ショウの天守ならば、圧倒的強さを持っていて当たり前だとは思っていたが…加えて、こんなに多種多様に魔導を使いこなすなんてと。

使えない魔導なんて無いのではないかと思うほどだ。

うちのフウライとロゼ、一体どちらの魔導が上か気になる所ではある。そして、二人はどの様な魔導を使えるのか知りたいと思っている。


…だが、バットタイミングだ。

ショウの姿が目に入るや否や、サクラは泣き腫らしたみっともない姿を見られ羞恥のあまり頭からシーツを被り姿を隠し


「…ショウ様、どうかお願いします。
私の今の姿…見ないで下さい。」


と、カタカタと震えながら土下座し懇願した。
普段のサクラからは考えられない、サクラらしからぬ珍しい姿だ。


…最悪だっ!!?

こんな…みっともない!

…嫌われる…!


サクラは、ショウに自分の醜い姿を見られた事がショックで。そして、こんな惨めで陰陰滅滅な自分を見て、きっとショウは呆れ幻滅したに違いない。そう思ったら、怖くて怖くて仕方なかった。

サクラは、ショウに嫌われたくないあまりパニックにパニックを重ね、もう自分ではどうしたらいいのか分からなくなっていた。

頭の中は、どうしようと嫌われたくないがグチャグチャと混ざりあって収集がつかなくなっている。

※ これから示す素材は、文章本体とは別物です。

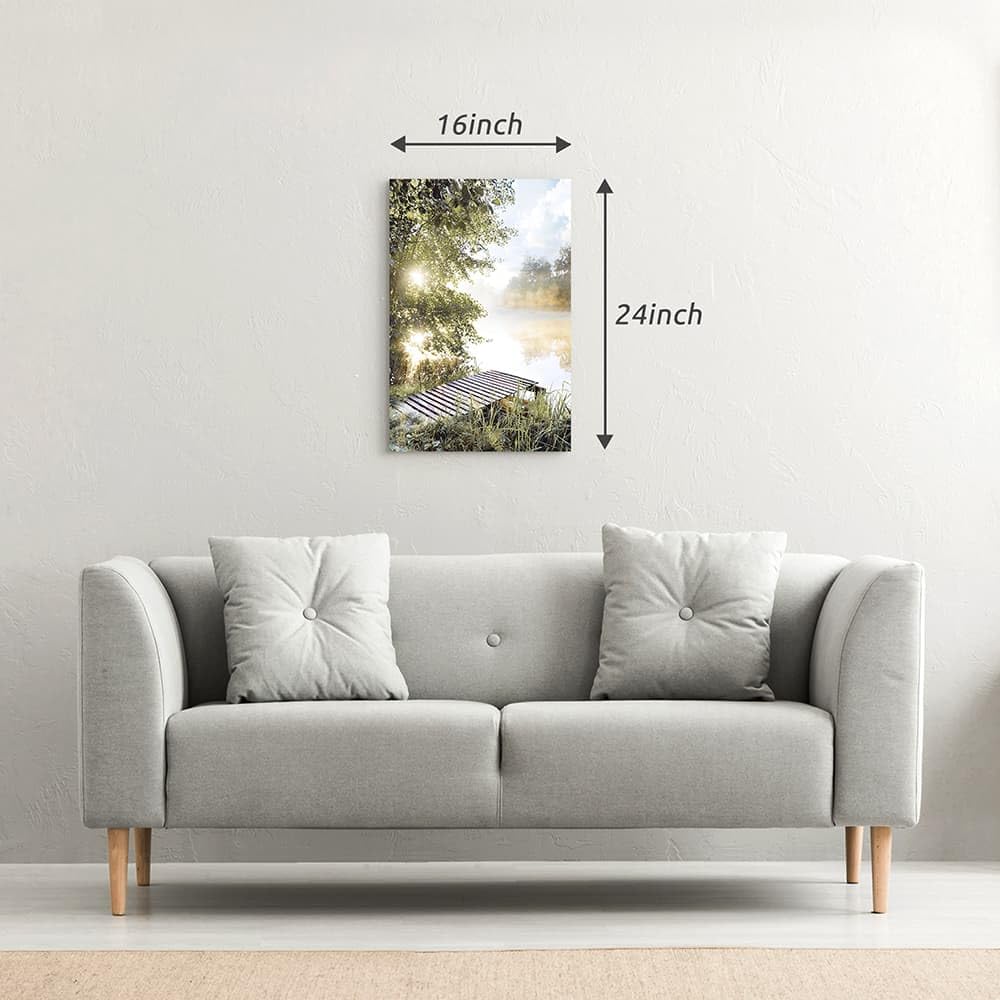 Lake Canvas Wall Art Picture: Sunset Landscape Painting Print Artwork Vertical Nature Scenery Decor for Living Room Bedroom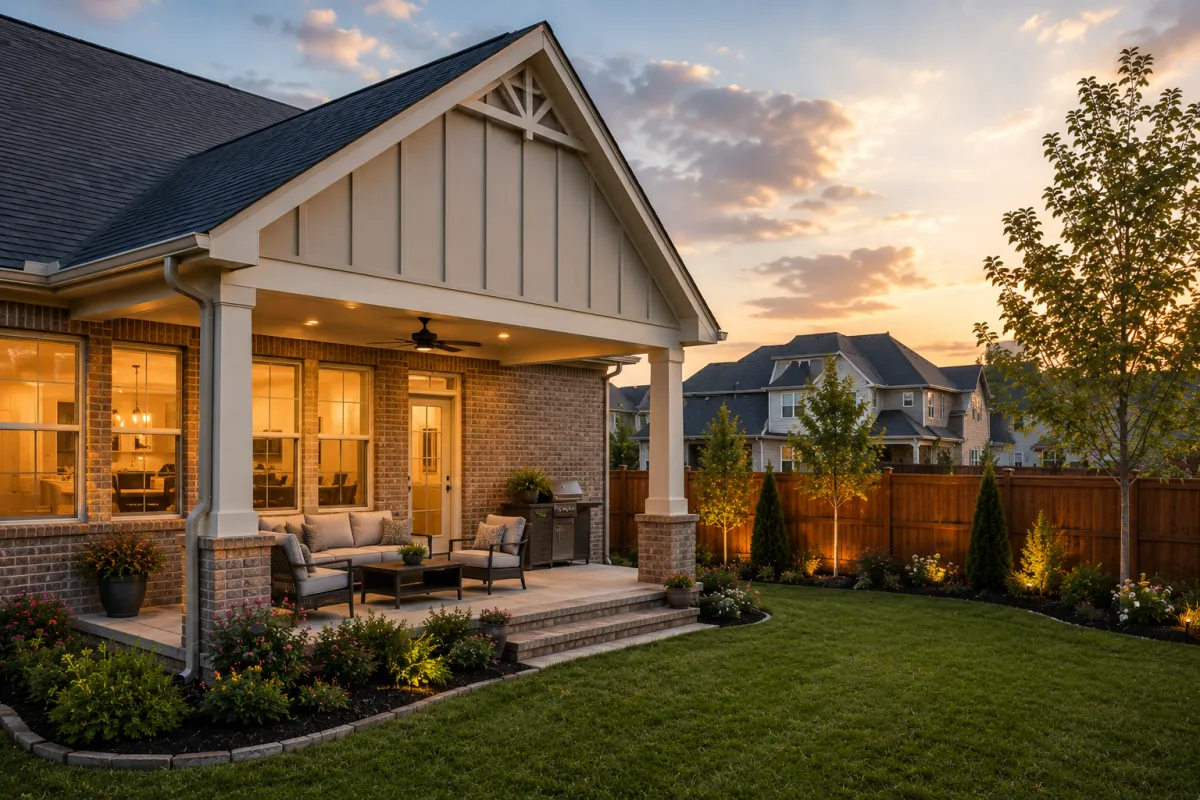 A welcoming brick-and-board-and-batten home in a newer Fountain Inn neighborhood with a covered patio, modest backyard, mature landscaping, and soft overcast afternoon light, creating a peaceful setting that emphasizes comfortable everyday living over oversized outdoor space.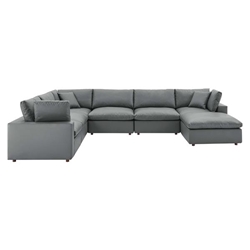 Commix Down Filled Overstuffed Vegan Leather 7-Piece Sectional Sofa - Gray- Style A 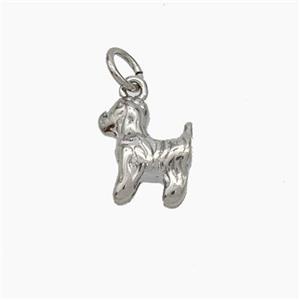 Copper Dog Pendant Platinum Plated, approx 9.5-10mm [FN49692]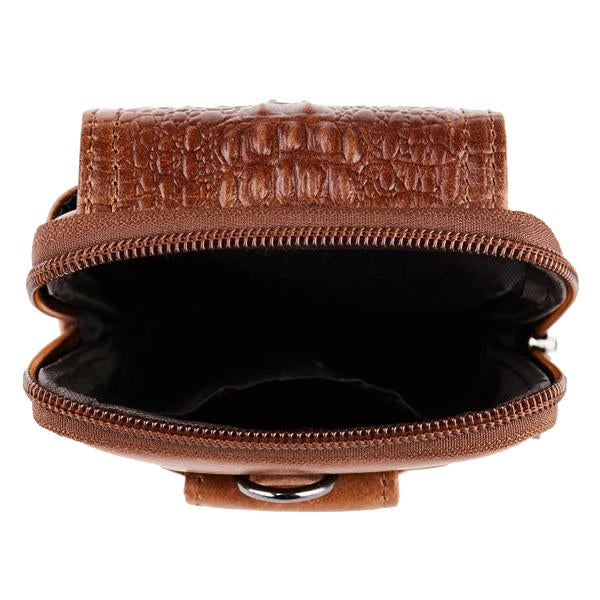 Croc Embossed Leather 6in Phone Pouch Belt Hip Bum Bag for Men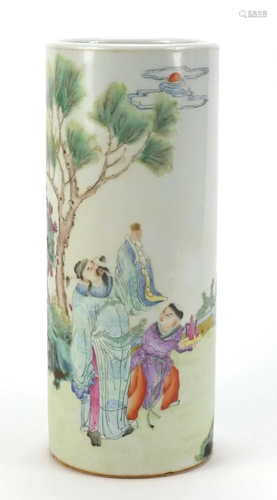 Chinese porcelain cylindrical vase hand ...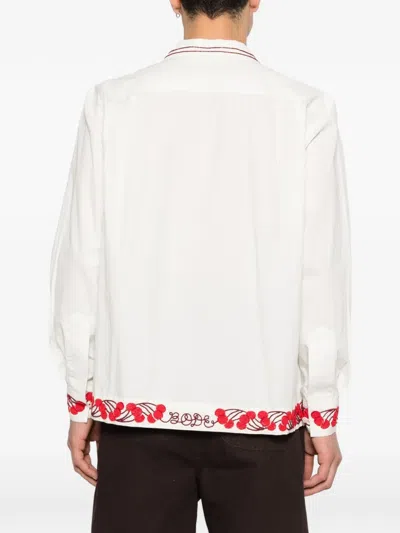 Bode White Cherry Lane Beaded Shirt In White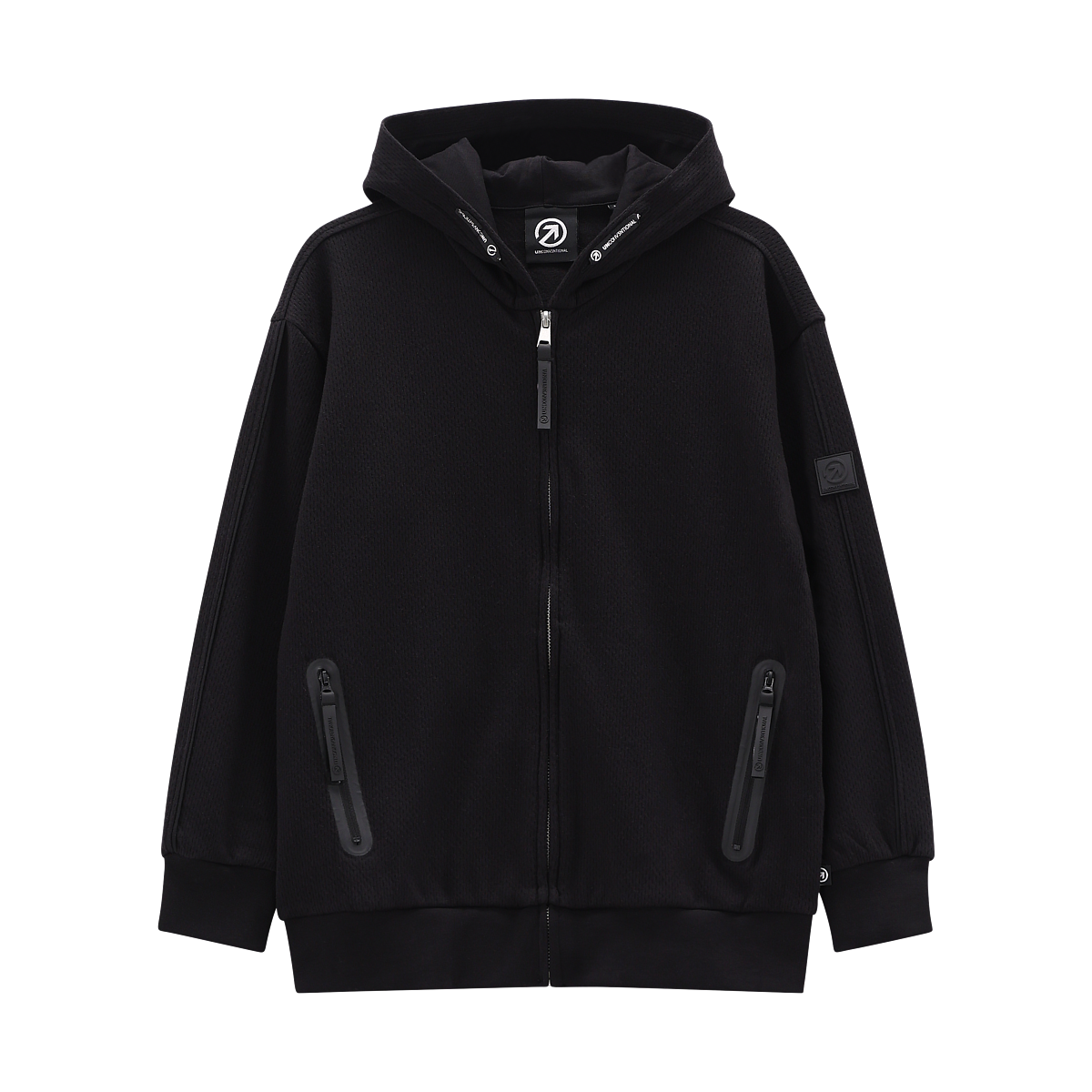 Felpa lunga full-zip con cappuccio per ragazzo.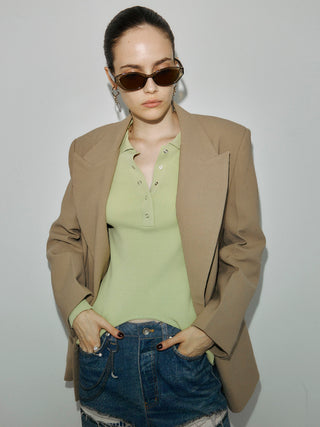 WOOL DOUBLE BELT JACKET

こりゃあ、どうしたらいいもんかとリュウキが考えていると


「…サクラ、ゴメンね?」


と、ショウはゆっくりとサクラに近づいてきた。

その“ゴメン”は、何に対するゴメンでどんな事言うつもりなんだ。余計な事は言わないでくれよ?と、リュウキはハラハラしながら、ショウの様子を不安気に見ていた。